# Postal Strike?????



## sasha1 (Jul 23, 2009)

Hi All...

I know this is a strange thread.....but is anyone aware of a 3 day postal strike, starting this weekend???....I read/heard this on the news I think last week....but have not seen anything else about it...I'm a bit confused....Is it happening or have I dreamt it??

Heidi
x


----------



## Caroline (Jul 23, 2009)

Not aware of one happening at the moment, but they have happened for about the last 3 or 4 weekends, so it is probable.


----------



## Tezzz (Jul 23, 2009)

Caroline said:


> Not aware of one happening at the moment, but they have happened for about the last 3 or 4 weekends, so it is probable.



Just a thought - the Royal Mail would have to speed up if they were to go on strike.

My postman is bl**dy lazy. I was outside talking to our neighbour (with the diabetic cat that I look after when they go away) and saw him ring the doorbell. 

10 seconds later (and I looked at my watch) he put a card through the letterbox. I challenged him and said he didn't give me time to get to the door.

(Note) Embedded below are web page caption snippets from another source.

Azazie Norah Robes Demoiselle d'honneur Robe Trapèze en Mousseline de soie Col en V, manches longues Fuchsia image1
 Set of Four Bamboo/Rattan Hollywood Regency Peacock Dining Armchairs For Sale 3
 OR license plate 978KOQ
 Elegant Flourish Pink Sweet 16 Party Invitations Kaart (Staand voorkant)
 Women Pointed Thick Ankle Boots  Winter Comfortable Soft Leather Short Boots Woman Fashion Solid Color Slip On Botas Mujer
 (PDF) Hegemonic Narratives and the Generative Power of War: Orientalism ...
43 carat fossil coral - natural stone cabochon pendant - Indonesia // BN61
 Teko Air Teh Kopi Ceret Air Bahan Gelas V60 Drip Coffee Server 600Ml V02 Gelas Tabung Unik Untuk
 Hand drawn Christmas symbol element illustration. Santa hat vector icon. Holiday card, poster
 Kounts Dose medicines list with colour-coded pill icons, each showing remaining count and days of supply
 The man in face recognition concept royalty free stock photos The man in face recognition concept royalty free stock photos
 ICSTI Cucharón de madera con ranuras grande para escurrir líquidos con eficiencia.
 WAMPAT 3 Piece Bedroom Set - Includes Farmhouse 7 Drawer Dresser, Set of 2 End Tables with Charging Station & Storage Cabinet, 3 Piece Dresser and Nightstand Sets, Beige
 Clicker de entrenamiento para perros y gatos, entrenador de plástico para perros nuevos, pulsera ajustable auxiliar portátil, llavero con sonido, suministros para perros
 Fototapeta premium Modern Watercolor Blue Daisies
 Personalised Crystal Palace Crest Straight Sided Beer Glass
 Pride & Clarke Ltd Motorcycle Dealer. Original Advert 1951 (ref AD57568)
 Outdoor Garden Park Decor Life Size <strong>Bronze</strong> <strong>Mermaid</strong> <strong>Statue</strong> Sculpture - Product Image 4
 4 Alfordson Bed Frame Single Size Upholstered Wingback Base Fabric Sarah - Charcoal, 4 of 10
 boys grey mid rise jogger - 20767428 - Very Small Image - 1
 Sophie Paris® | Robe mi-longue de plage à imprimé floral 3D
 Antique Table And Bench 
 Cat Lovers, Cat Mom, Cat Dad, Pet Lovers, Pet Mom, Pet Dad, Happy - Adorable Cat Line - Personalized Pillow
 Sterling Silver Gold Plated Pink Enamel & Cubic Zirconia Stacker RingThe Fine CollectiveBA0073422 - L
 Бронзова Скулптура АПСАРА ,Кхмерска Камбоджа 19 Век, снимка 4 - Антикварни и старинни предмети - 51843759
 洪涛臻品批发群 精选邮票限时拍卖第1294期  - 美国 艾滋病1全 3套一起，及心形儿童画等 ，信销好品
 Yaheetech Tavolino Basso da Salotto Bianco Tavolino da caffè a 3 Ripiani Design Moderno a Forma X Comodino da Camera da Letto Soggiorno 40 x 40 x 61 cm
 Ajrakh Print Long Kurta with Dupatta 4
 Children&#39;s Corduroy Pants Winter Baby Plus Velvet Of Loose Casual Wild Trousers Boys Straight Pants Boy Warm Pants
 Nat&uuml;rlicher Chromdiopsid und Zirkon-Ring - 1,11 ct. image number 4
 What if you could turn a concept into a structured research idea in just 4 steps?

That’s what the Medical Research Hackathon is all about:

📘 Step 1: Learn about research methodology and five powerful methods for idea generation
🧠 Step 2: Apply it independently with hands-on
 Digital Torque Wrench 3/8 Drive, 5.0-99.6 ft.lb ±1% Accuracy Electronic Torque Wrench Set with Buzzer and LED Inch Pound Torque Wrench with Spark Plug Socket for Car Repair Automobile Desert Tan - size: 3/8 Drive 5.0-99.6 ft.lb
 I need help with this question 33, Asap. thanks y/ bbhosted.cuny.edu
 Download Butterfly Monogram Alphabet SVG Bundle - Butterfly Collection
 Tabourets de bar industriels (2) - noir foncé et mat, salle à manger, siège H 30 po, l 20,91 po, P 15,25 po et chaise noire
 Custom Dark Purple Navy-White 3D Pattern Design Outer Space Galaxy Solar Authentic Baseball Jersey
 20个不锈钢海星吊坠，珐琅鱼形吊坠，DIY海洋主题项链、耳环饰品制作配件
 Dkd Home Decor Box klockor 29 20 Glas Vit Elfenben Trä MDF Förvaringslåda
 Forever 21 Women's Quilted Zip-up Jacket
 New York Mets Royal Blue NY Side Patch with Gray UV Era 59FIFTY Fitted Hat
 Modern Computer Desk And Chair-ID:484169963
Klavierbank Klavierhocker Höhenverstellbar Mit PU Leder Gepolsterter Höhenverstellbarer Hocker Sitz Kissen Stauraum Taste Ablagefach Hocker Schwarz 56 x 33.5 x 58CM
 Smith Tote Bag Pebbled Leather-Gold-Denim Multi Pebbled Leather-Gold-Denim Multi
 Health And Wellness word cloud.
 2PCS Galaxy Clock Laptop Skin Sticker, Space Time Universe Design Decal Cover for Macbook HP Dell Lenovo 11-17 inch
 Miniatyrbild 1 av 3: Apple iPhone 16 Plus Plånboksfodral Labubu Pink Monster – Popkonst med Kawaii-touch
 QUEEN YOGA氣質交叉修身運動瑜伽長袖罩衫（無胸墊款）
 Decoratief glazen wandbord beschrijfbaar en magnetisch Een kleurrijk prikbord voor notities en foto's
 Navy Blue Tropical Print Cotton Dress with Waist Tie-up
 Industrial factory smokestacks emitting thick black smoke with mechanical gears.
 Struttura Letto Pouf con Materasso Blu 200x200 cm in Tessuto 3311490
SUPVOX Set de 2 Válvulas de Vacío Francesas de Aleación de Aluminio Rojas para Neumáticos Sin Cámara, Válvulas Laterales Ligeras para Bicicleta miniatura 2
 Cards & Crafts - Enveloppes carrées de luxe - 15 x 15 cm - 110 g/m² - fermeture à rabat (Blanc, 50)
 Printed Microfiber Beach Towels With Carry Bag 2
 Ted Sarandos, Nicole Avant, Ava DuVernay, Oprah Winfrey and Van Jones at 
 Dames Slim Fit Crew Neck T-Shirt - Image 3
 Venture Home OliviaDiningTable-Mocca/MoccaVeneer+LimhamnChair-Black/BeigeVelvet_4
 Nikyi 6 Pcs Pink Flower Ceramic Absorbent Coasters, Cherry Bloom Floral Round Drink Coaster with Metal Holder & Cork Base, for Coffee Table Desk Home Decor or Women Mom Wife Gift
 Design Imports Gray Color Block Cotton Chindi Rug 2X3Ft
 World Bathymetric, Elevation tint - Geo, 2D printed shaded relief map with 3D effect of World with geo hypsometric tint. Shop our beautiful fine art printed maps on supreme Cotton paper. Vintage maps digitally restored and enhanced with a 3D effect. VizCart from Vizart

He shrugged his shoulders, gave me the parcel and walked off. 

Now we have CCTV in the block and the postmen know we send DVDs to the managers of their staff who don't wait at least a minute for a response.


----------



## Caroline (Jul 23, 2009)

brightontez said:


> Just a thought - the Royal Mail would have to speed up if they were to go on strike.
> 
> My postman is bl**dy lazy. I was outside talking to our neighbour (with the diabetic cat that I look after when they go away) and saw him ring the doorbell.
> 
> ...



Sounds a bit like our posties. We live in BASILDON ROAD there is a road near us called BASTION ROAD. The mail between the two roads often gets mixed so we are pleased when there is a strike as it is only then the mail comes to the right adress!


----------



## Steff (Jul 23, 2009)

tis the 26th 27th and 28th but just in effected areas , if you grab your posty ask him thats if u can he may be early tho or get your local sorting offices number and ring them x

my o/h is a posty and he aint effected


----------



## sasha1 (Jul 23, 2009)

steff09 said:


> tis the 26th 27th and 28th but just in effected areas , if you grab your posty ask him thats if u can he may be early tho or get your local sorting offices number and ring them x
> 
> my o/h is a posty and he aint effected




Cheers Steff....

I was starting to think I had made it up after a strange dream...cause when I've asked anyone they all seemed to know nothing about it....Will grab the postie in the morning to find out..

Heidi
x


----------



## Steff (Jul 23, 2009)

sasha1 said:


> Cheers Steff....
> 
> I was starting to think I had made it up after a strange dream...cause when I've asked anyone they all seemed to know nothing about it....Will grab the postie in the morning to find out..
> 
> ...



hope you grab him where he likes it hun x


----------



## sasha1 (Jul 23, 2009)

steff09 said:


> hope you grab him where he likes it hun x





Hehehehehe...He is quite cute...a young blond and tanned creature....

Heidi
x


----------



## aymes (Jul 23, 2009)

Think there have been some local strikes recently, and some other coming up. Pretty sure Suffolk has been affected but I'm not sure about elsewhere.


----------



## sofaraway (Jul 24, 2009)

Royal Mail are always on strike. I don't know if it's happening in my area or not, I don't really notice unless it's a long one because we don't always get any post every day.


----------



## Steff (Jul 24, 2009)

They go on strike as much as the undeground in london etc etc


----------



## sofaraway (Jul 24, 2009)

steff09 said:


> They go on strike as much as the undeground in london etc etc



http://www.youtube.com/watch?v=MHn-g7T9f9A

A great song about london underground strikes (a lot of swearing)


----------



## angel30eyes (Jul 24, 2009)

http://www.dailymail.co.uk/news/art...ail-workers-walk-24-hour-strike.html?ITO=1490

According to this it will be up to a week in some areas but this was on the 18th so not sure if it's still going on


----------



## insulinaddict09 (Jul 24, 2009)

sasha1 said:


> Hehehehehe...He is quite cute...a young blond and tanned creature....
> 
> Heidi
> x



Hey swap with me !! mines an old misery  I want a young blonde !!!


----------



## sasha1 (Jul 24, 2009)

insulinaddict09 said:


> Hey swap with me !! mines an old misery  I want a young blonde !!!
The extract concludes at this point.